I am trying to implement a project about the BGM model, suggested in the book "The Concepts and Practice of mathematical finance" by Mark Joshi.
My question is related to the forward volatility structure, particularly about the covariance matrix. First of all, the book assumes that forward $f_j$ has volatility $$ K_j \left(\left(a + b(t_j - t)\right)e^{-c(t_j-t)} + d\right) $$
for $t < t_j$ and $0$ otherwise. Also, the instantaneous correlation between the forward rates $f_i$ and $f_j$ is defined as $e^{-\beta|t_i - t_j|}$.
Now, I need to write a method that "computes the covariance matrix for the time-step".
I get confused with the fact that there are "simultaneous" forward rates at each time step that have to be simulated, which brings me to the following two questions:
- Concerning the dimensions of the covariance matrix, I see that they depend on the number of time periods (and not on the time step size), but how long are the time periods? Is there a convention?

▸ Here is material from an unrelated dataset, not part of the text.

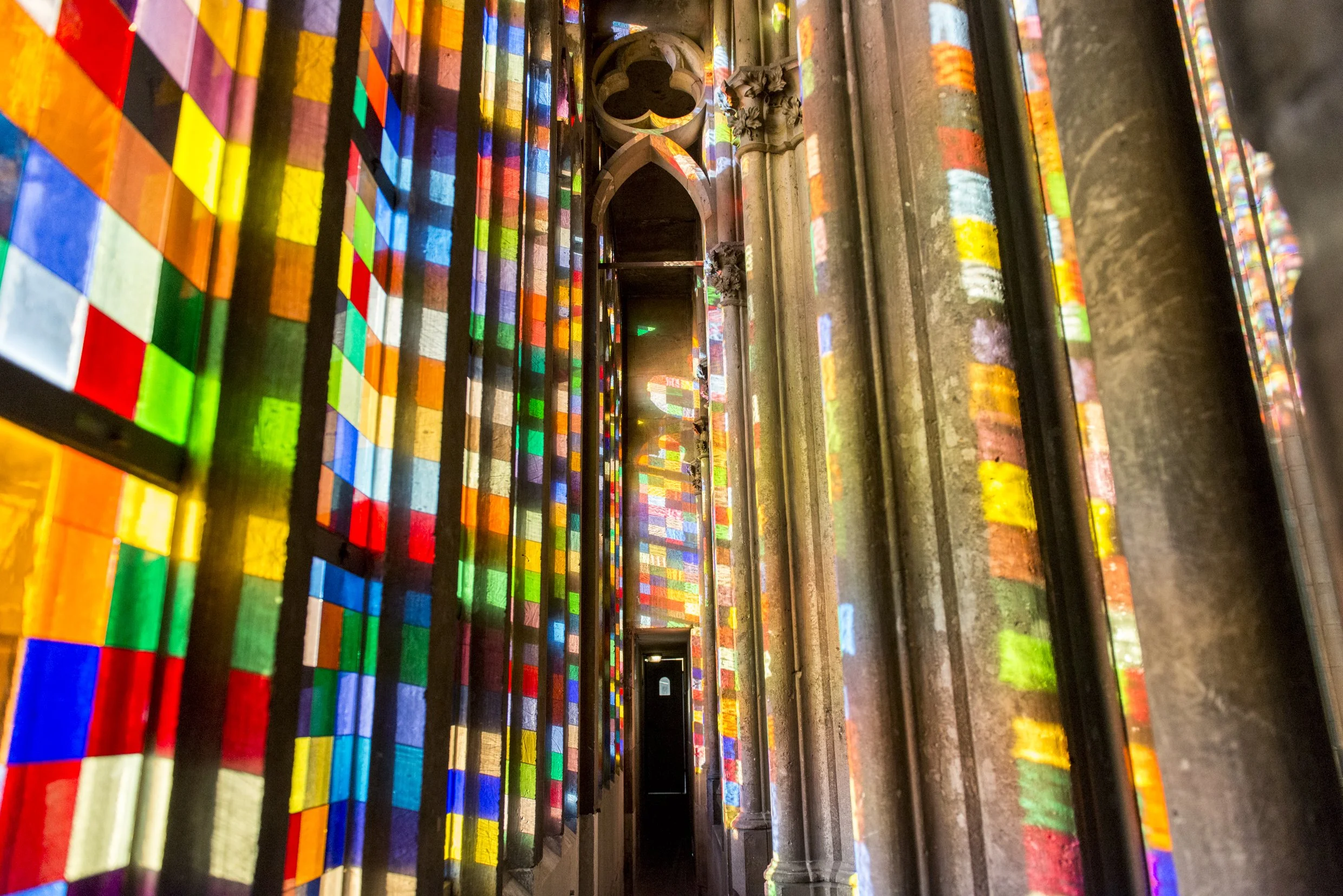 Das Fenster, das den Dom in Farbe taucht – Das Richter Fenster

- How do the elements of the covariance matrix come into play? This might sound a bit stupid, but when pricing a swaption, we can have the following discretization of the logarithm of the forward rate: $$ \ln F_k^{\Delta t}(t + \Delta t) = \ln F_k^{\Delta t}(t) + \sigma_k(t)\sum_{j = \alpha + 1}^k \frac{\rho_{k,j}\,\tau_j\,\sigma_j(t)\,F_j^{\Delta t}(t)}{1 + \tau_j F_j^{\Delta t}(t)} \Delta t - \\ \frac{\sigma_k(t)^2}{2}\Delta t + \sigma_k(t)\left(Z_k(t + \Delta t) - Z_k(t)\right)$$ I do not see how the covariance matrix helps in a Monte Carlo simulation. I might be confusing concepts, so some help would be welcome.